Le Président Macky Sall a clairement exprimé la position du Sénégal vis-à-vis de la crise nigérienne lors du deuxième sommet de la Cedeao sur le Niger. Bien que privilégiant une solution pacifique, il a signalé la possibilité d’une intervention militaire si la junte au pouvoir à Niamey refusait de se conformer aux injonctions de la Cedeao. L’organisation régionale exige en effet le rétablissement de l’ordre constitutionnel et du Président Mohamed Bazoum. Néanmoins, Macky Sall a souligné que toutes les voies pour une résolution pacifique seraient explorées en priorité.

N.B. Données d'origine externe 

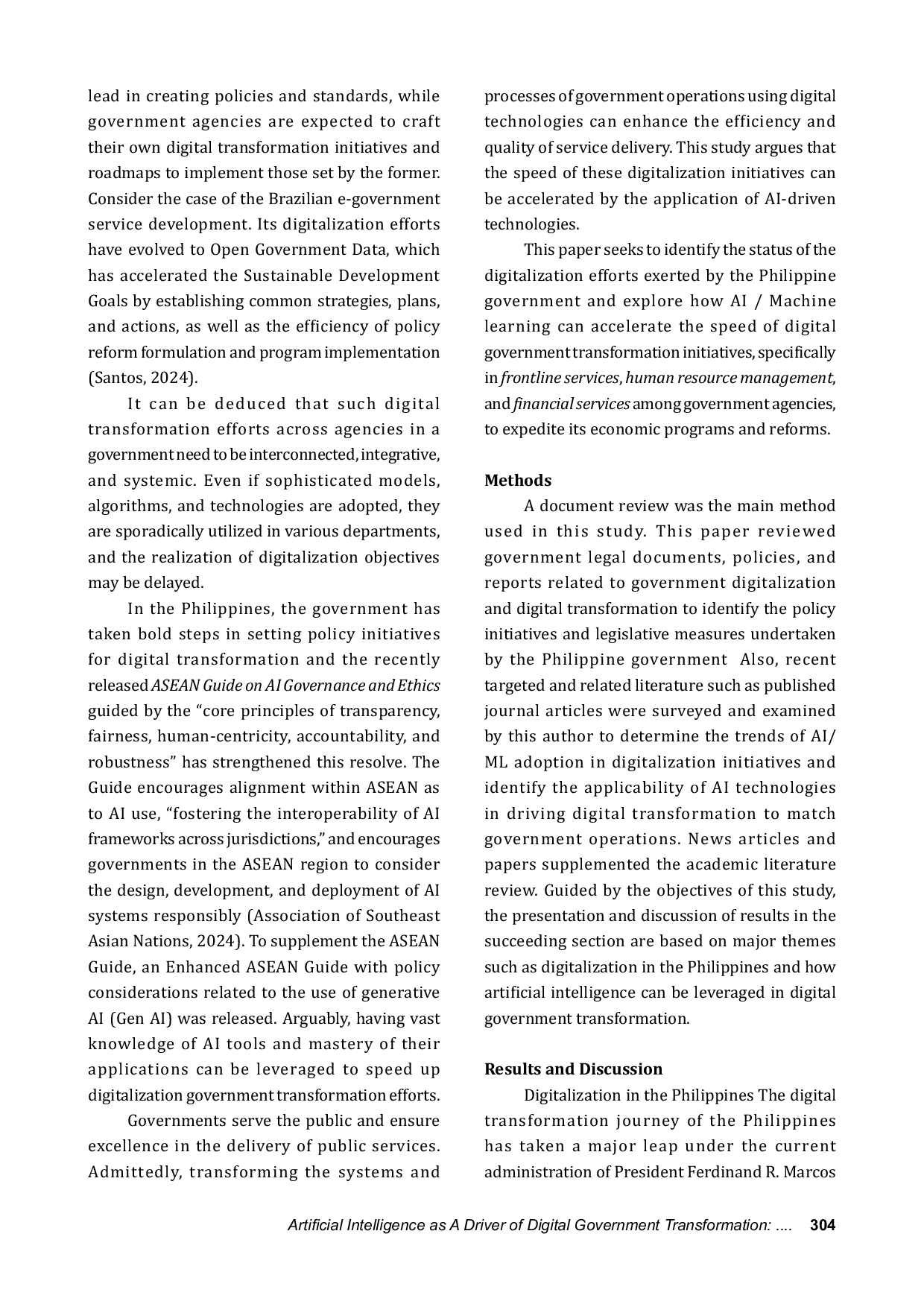 JURIS Artificial Intelligence as A Driver of Digital Government Transformation Applications and Trends in Government Operations in the Philippines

Des sources militaires sénégalaises ont confirmé la préparation des troupes et leur disponibilité à agir une fois la décision des autorités politiques prise. En parallèle, la Côte d’Ivoire s’est engagée, par le biais de son Président Alassane Ouattara, à contribuer avec un contingent de 850 à 1100 soldats en soutien à une éventuelle intervention militaire aux côtés du Nigeria et du Bénin, conformément aux plans de la Cedeao.

Malgré l’expiration de l’ultimatum fixé à la junte nigérienne par la Cedeao le 6 août dernier, les États membres ont choisi de ne pas ordonner immédiatement une action militaire. Cette décision vise à laisser davantage de temps aux efforts de médiation en vue d’une résolution pacifique de la crise. Toutefois, la Cedeao a déployé sa «force d’intervention», signalant sa détermination à agir si les négociations échouent.